Take the data below and copy exactly the lines starting at the one with "Granoro Gluten Free" and finishing at the one with "Gargoyles Quest #4", both included.

INPUT
--
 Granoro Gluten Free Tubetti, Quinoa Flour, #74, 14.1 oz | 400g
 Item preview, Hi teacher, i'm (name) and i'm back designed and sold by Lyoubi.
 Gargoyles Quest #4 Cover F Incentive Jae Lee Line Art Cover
--
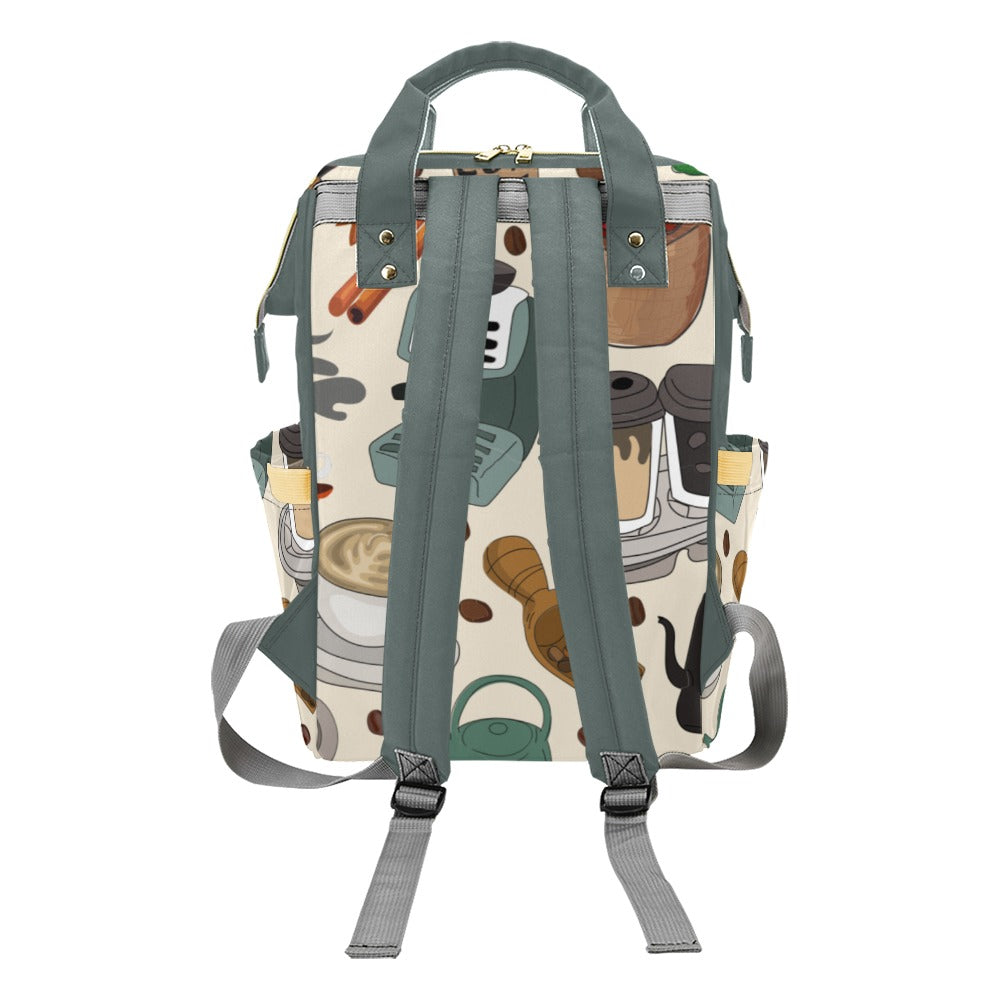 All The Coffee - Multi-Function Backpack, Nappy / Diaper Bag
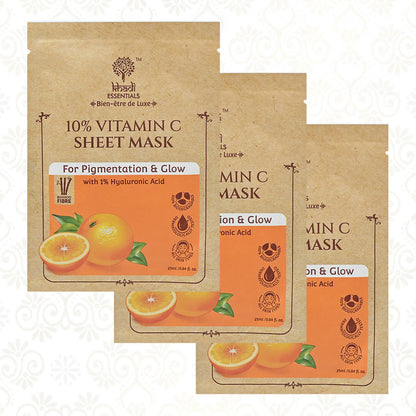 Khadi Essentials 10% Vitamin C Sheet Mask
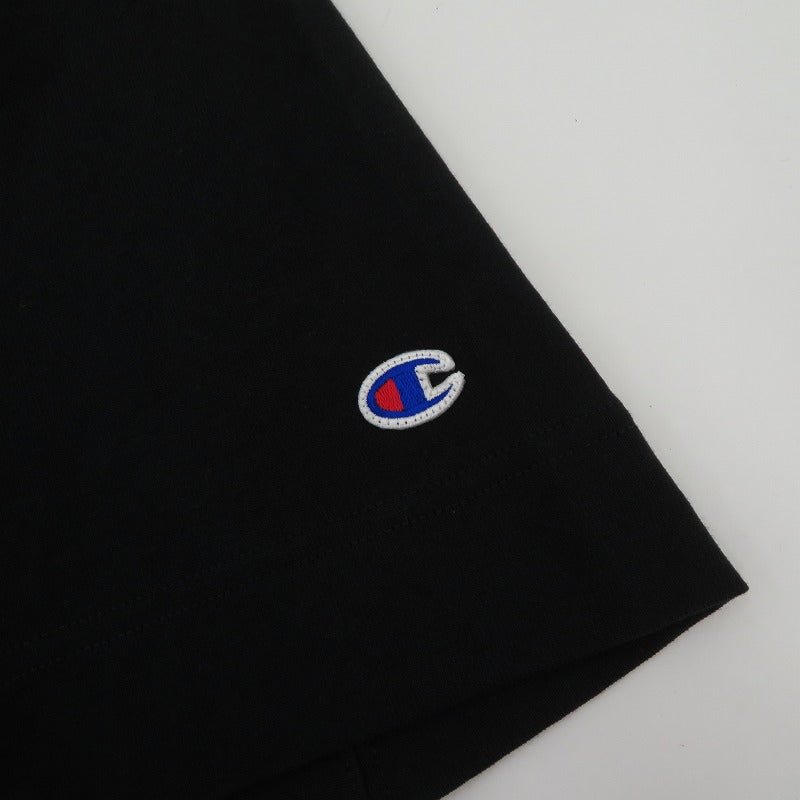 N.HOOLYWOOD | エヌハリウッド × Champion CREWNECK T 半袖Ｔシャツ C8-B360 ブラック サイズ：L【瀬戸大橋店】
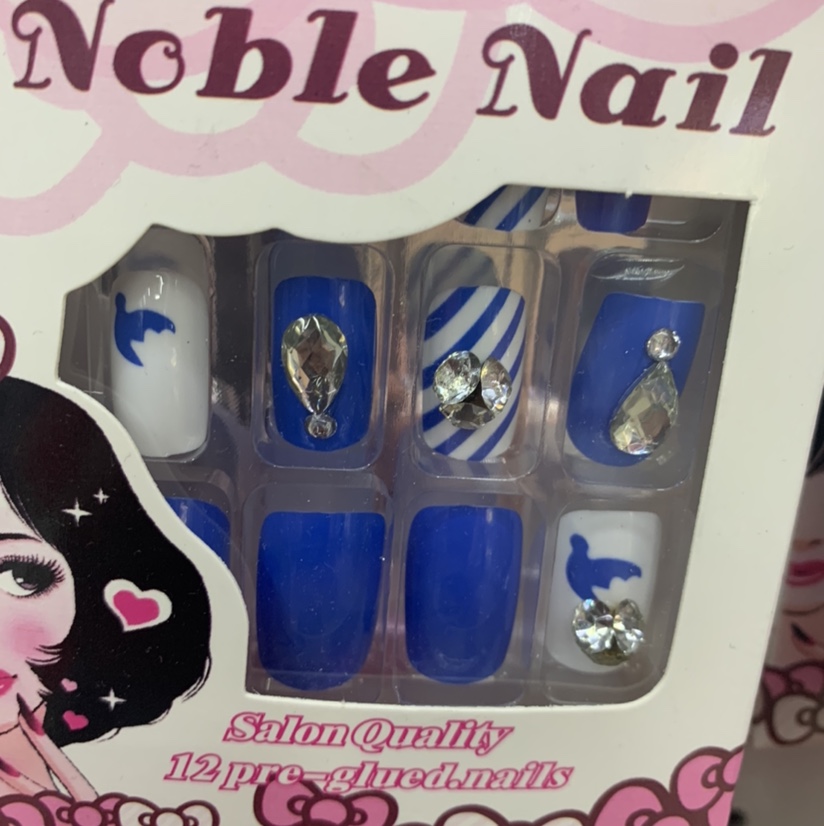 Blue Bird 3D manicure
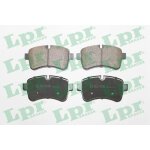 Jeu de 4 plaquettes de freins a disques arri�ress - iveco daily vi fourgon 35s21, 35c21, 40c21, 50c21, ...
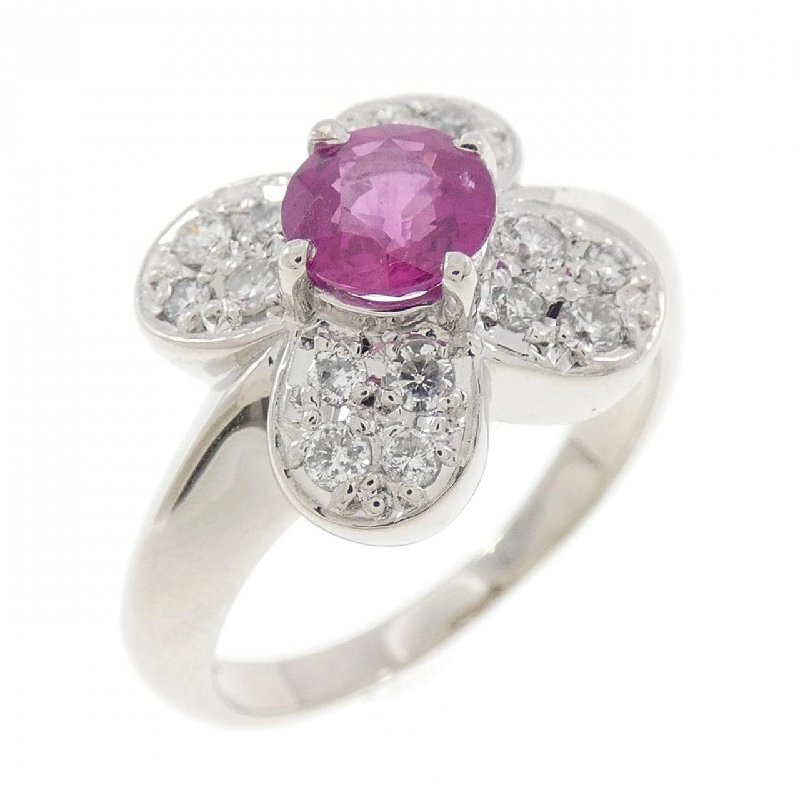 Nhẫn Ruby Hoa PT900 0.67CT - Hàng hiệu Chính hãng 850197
--
OUTPUT FOR THIS EXERCISE
 Granoro Gluten Free Tubetti, Quinoa Flour, #74, 14.1 oz | 400g
 Item preview, Hi teacher, i'm (name) and i'm back designed and sold by Lyoubi.
 Gargoyles Quest #4 Cover F Incentive Jae Lee Line Art Cover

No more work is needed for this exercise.